Mit Urteil vom 21. November 2019 zum Aktenzeichen V ZR 101/19 gab der Bundesgerichthof (BGH) der Nichtzulassungsbeschwerde einer Kölner Gemeinschaft, die ihren Ex-Verwalter auf 219.000,00 Euro Schadensersatz verklagt, statt und verwies den Fall zur neuen Verhandlung zurück an das Berufungsgericht. Dieses hatte Schadensersatzansprüche verneint und die Klage ebenso wie das Amtsgericht Köln abgewiesen.

Der Fall

Die Klägerin ist eine Gesellschaft bürgerlichen Rechts (GbR), die aus mehreren Wohnungseigentümern einer Großwohnanlage mit 334 Wohnungen in Köln besteht. Die Klägerin selbst ist keine Wohnungseigentümerin, sondern verfolgt Schadensersatzansprüche mehrerer Wohnungseigentümer aus ihr abgetretenem Recht. Die Wohnanlage wurde in den 1960er-Jahren errichtet und Mitte der 1990er-Jahre nach dem Wohnungseigentumsgesetz aufgeteilt. Die Beklagte war von der Aufteilung bis Februar 2011 zum Verwalter bestellt. Die vier Wohngebäude haben an allen vier Fassaden Balkone, die sich über die gesamte Fassade erstrecken. Die Balkone bestehen aus auskragenden Betonplatten mit Außenbrüstungen aus Fertigbetonteilelementen (Stahlkonstruktion mit Betonbewehrung).

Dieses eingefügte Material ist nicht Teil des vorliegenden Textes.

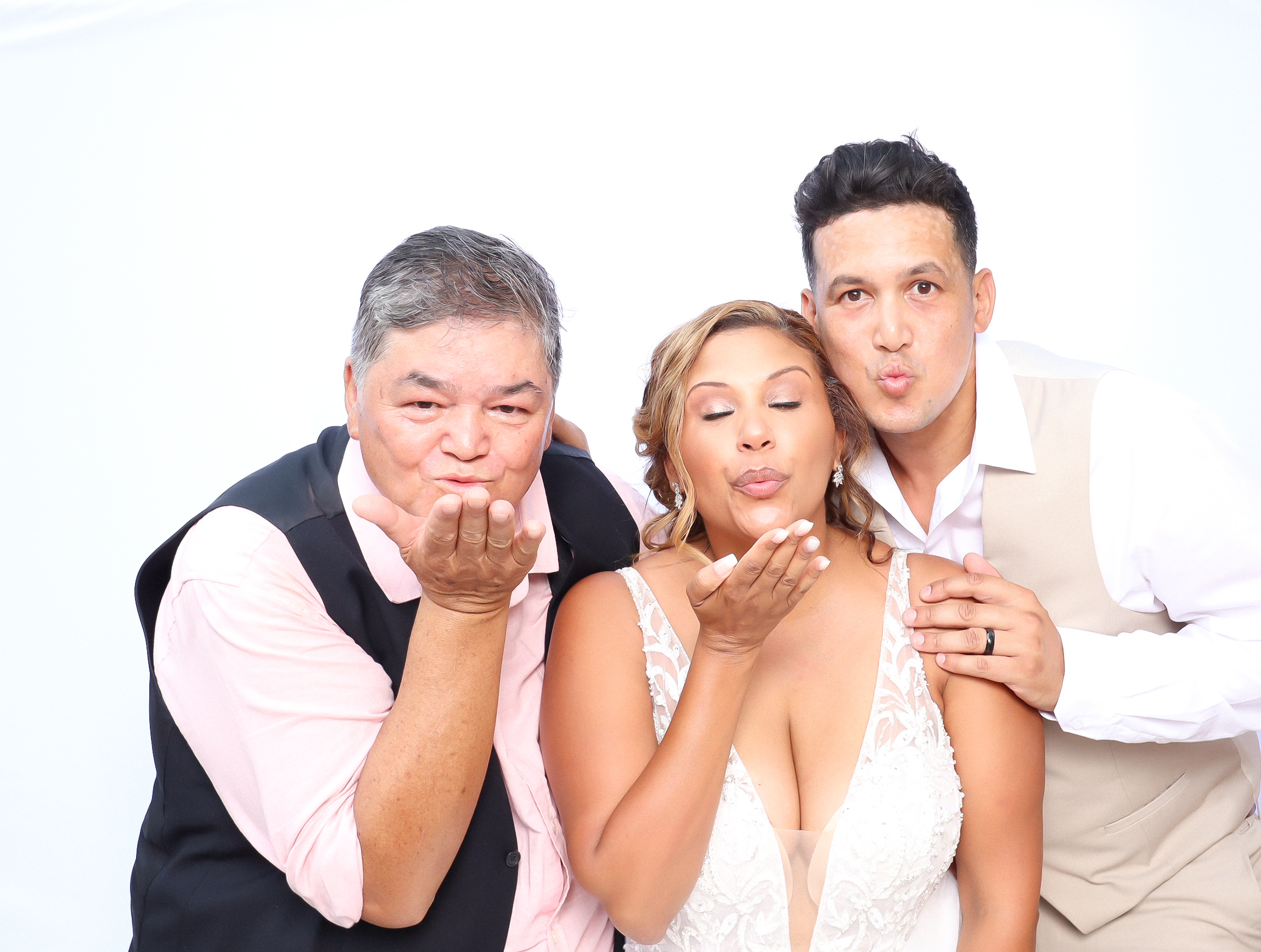 Kim and Sergio | View more photos from the event at photos.goldotter.co.za/u/GoldOtterMedia/Kim-and-Sergio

Im Spätsommer/Herbst 2000 ergaben sich Hinweise auf Schäden an den Balkonen. Die Beklagte beauftragte – offenbar ohne Beschluss – einen Sachverständigen mit der Erstellung eines Gutachtens zu dem Zustand des Betons der Balkone und einer eventuellen Sanierung. Der Sachverständige besichtigte mehrere Balkone und erstatte sein Gutachten entweder mündlich oder schriftlich. Letzteres ist streitig. Im Januar 2001 legte ein Statiker eine Berechnung vor, wonach an mehreren Stellen Betonabplatzungen sowie Korrosionen festzustellen seien, wodurch die Sicherheit der Brüstungen nicht mehr gewährleistet sei. In der Eigentümerversammlung vom 18. Januar 2001 wurde zu TOP 4 protokolliert, dass eine einfache Betonsanierung mit Epoxidharz nach Aussage von Gutachter und Statiker ausreichend sei. Beschlüsse wurden seinerzeit offenbar nicht gefasst.

In den Jahren 2001 – 2009 wurde das Thema Balkonsanierung nicht zum Gegenstand einer Eigentümerversammlung gemacht. Die Beklagte ließ in dieser Zeit jeweils aufgrund von Meldungen über Schäden an einzelnen Balkonen immer wieder Sanierungsarbeiten in Form von Fugenversiegelungen, Beschichtungen und ähnlichen kleineren Arbeiten durchführen. Im Sommer 2004 informierte ein Wohnungseigentümer die Beklagte mündlich und schriftlich, dass an verschiedenen Balkonen Betonbrocken heruntergefallen waren. Insgesamt ließ die Beklagte in den Jahren 2003 – 2010 Arbeiten an den Balkonen für rund 200.000,00 Euro ausführen, wobei es sich jeweils um Versiegelungen, Beschichtungen, Anstriche sowie sonstige geringinvestive Maßnahmen handelte. In die Eigentümerversammlung brachte die Beklagte die Thematik während dieses gesamten Zeitraums nicht.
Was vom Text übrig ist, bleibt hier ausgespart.